I FULLY endorsed Masood Iqbal recommendation, the book “Two Group Reactor Theory” by J. L. Meem., is a brillant work that detailed all the analytical work to calculate the flux a reactivity by hand (today is very easy to calculate that with any worksheet). I used with some students.

I found there only one (strong) limitation, you need the "Tau" of the material mixture. Then I used an analytical model for the Tau of the mixture 

Solve 2 group neutron diffusion equation, there are many texts show that

As a summary. The accuracy depens in the efforts that you need to apply.

1) As was said by Brian Gaulke, a first "hand" estimation si by simple:

flux*MacroscopicFissionCrossSection*Volume*EnergybyFission=Power

Then you need to estimatede the average "MacroscopicFissionCrossSection", to do that you need to know the "average neutron energy" (is your reactor thermal, is epithermal, is fast?) and thus obtain the microscopic cross section. Multiply it by the "fuel atomic density (Nf)" of the fissil atoms, BUT WEIGHTED by your estimation on "fuel flux/averageflux" ratio. If you dont have any clue on that, assume 1, and then obtaine the "total fissil atomic density" (Nftot = Volfuel*Nf/Vtot)

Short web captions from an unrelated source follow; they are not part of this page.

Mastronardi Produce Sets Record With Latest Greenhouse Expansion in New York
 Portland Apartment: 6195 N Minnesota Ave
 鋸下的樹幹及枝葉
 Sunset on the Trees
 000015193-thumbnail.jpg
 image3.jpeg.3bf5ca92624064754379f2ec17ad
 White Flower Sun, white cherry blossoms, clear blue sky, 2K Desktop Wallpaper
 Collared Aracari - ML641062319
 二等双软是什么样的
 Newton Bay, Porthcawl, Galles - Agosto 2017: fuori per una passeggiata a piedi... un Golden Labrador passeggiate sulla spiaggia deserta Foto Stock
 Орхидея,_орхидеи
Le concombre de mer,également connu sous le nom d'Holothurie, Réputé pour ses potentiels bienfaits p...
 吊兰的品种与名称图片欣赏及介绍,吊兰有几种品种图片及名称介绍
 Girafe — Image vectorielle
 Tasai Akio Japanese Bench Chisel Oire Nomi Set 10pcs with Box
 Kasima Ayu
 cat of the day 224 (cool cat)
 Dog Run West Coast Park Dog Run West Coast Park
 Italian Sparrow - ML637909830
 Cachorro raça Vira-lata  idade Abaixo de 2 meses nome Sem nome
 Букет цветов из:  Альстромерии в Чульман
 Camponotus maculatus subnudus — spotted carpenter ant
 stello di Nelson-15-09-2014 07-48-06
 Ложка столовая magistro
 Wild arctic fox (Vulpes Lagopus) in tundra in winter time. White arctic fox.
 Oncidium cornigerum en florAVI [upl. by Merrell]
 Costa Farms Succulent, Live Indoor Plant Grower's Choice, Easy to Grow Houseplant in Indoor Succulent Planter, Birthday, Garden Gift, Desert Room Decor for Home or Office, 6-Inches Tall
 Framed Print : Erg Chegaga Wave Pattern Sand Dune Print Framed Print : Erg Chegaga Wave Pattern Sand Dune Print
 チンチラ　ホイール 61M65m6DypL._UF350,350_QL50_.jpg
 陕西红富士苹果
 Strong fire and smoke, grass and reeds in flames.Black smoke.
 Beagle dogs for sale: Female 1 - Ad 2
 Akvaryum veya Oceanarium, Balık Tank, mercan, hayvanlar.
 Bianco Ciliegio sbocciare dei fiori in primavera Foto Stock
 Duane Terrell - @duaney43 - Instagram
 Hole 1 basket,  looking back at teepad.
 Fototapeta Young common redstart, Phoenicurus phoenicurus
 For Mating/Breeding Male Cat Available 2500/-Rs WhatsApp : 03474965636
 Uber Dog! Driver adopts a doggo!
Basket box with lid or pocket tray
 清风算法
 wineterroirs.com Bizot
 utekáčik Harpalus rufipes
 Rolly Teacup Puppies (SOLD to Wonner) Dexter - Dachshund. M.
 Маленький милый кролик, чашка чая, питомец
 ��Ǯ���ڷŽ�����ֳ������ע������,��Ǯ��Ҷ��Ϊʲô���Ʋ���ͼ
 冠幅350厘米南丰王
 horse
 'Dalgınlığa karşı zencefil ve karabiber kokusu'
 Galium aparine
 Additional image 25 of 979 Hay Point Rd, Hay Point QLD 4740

2) If the accuracy of approach 1 is not enough (an error of 10 to 20% could be obtain with the formula 1). use a 2 groups approach, with two zones-two groups. Is much more complicated, and is available in the Meen book. Also, as an intermediate approach (as was said by Malik), use a single zone two groups analytical solution (if the system has low leackages or small reflector effect is ok) but the challenge will be always, which is the "ScattXSgroup1 to group2". Only is tabulated for few compositions. If your system match those published number, use ti, if is not. You need to go to Age theory, and using Tau, and obtain "ScattXSgroup1 to group2"